◆ **What to produce**: Among the records that follow, set down only the lines from the one containing "Gateron x NuPhy - Low-profile 3.0 Switches" to the one containing "Location Appartement Rue", both included, exactly.

◆ **Exercise data**:
————

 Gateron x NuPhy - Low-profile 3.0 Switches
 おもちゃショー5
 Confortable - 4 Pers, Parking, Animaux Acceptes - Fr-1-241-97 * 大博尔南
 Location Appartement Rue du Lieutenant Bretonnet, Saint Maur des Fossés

————

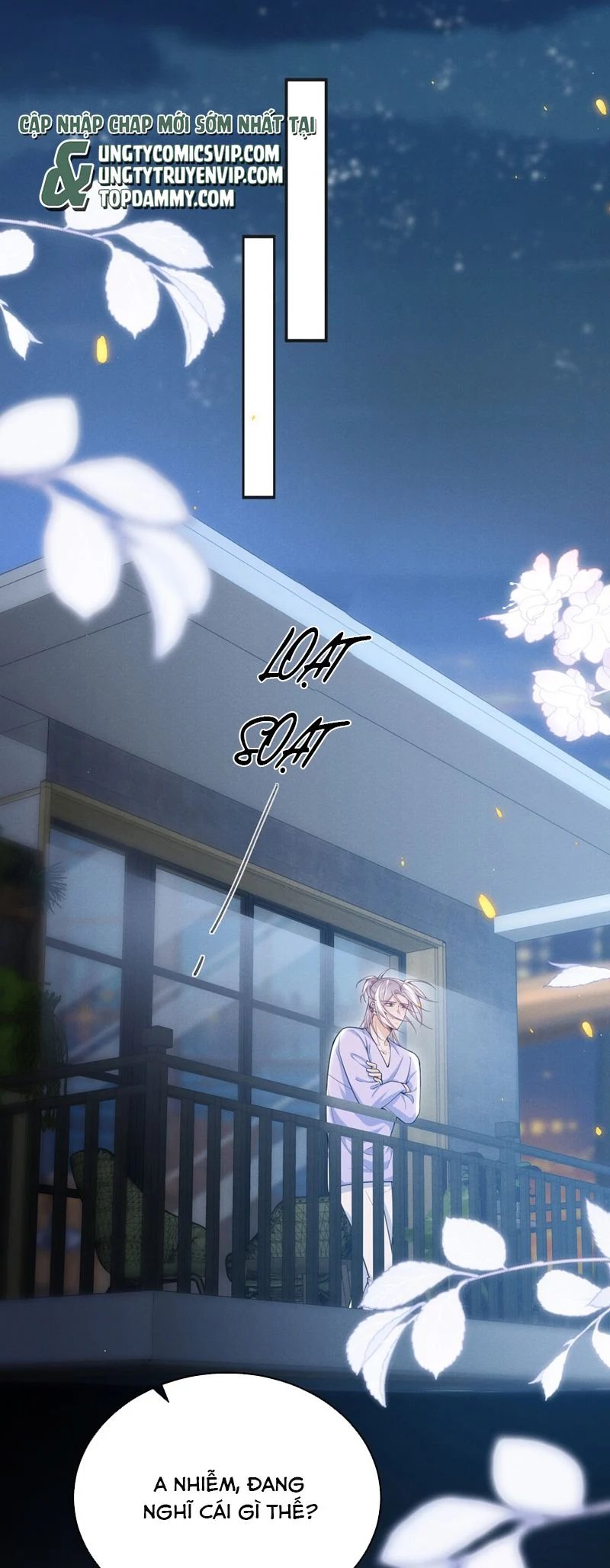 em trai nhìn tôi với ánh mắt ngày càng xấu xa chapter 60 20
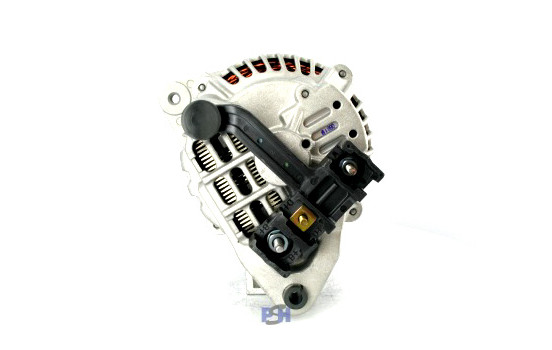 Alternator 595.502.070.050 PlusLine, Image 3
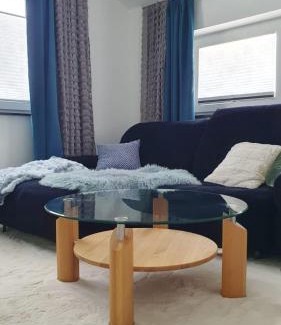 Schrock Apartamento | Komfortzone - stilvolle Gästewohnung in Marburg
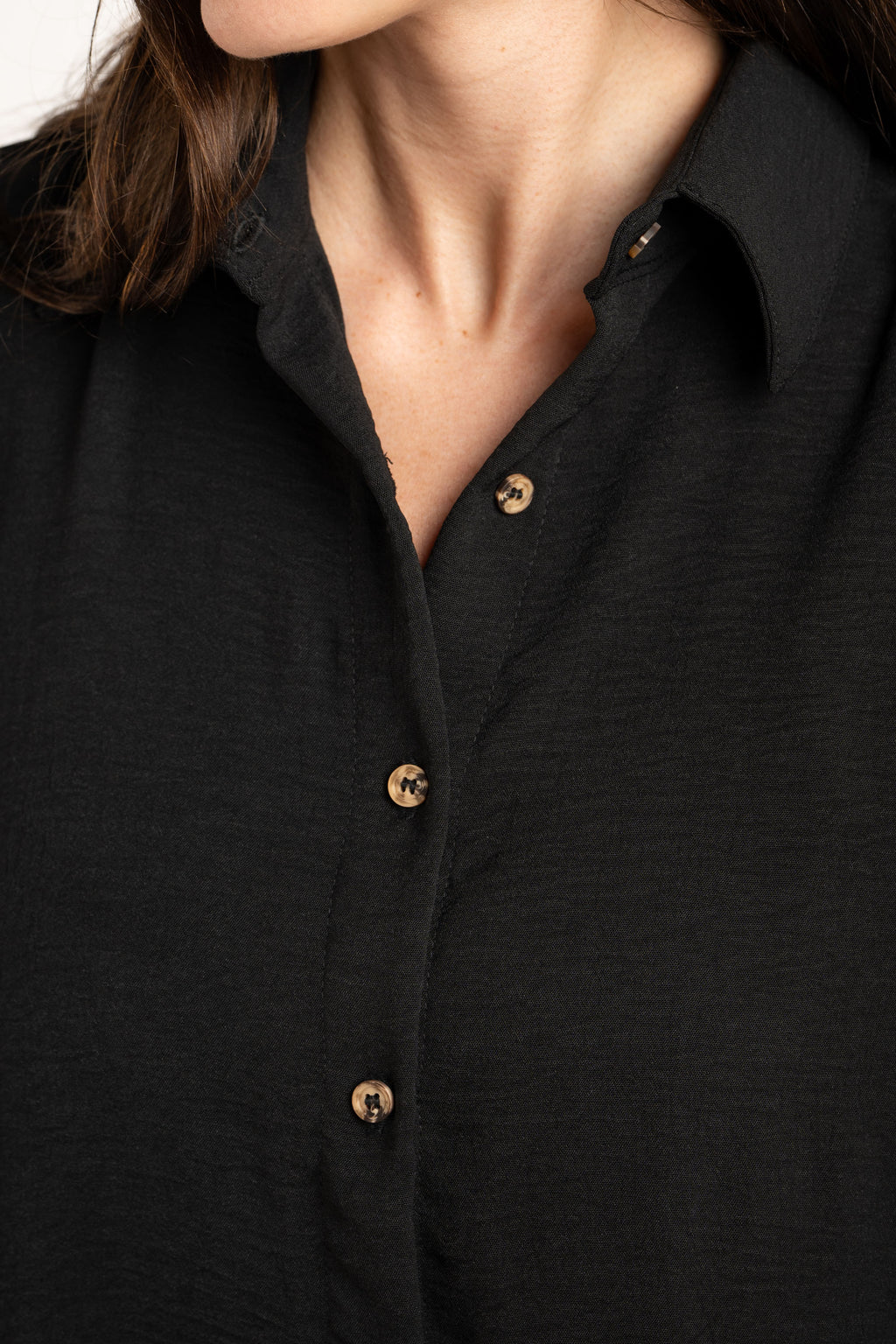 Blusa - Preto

————

◆ **Answer section**:
 Gateron x NuPhy - Low-profile 3.0 Switches
 おもちゃショー5
 Confortable - 4 Pers, Parking, Animaux Acceptes - Fr-1-241-97 * 大博尔南
 Location Appartement Rue du Lieutenant Bretonnet, Saint Maur des Fossés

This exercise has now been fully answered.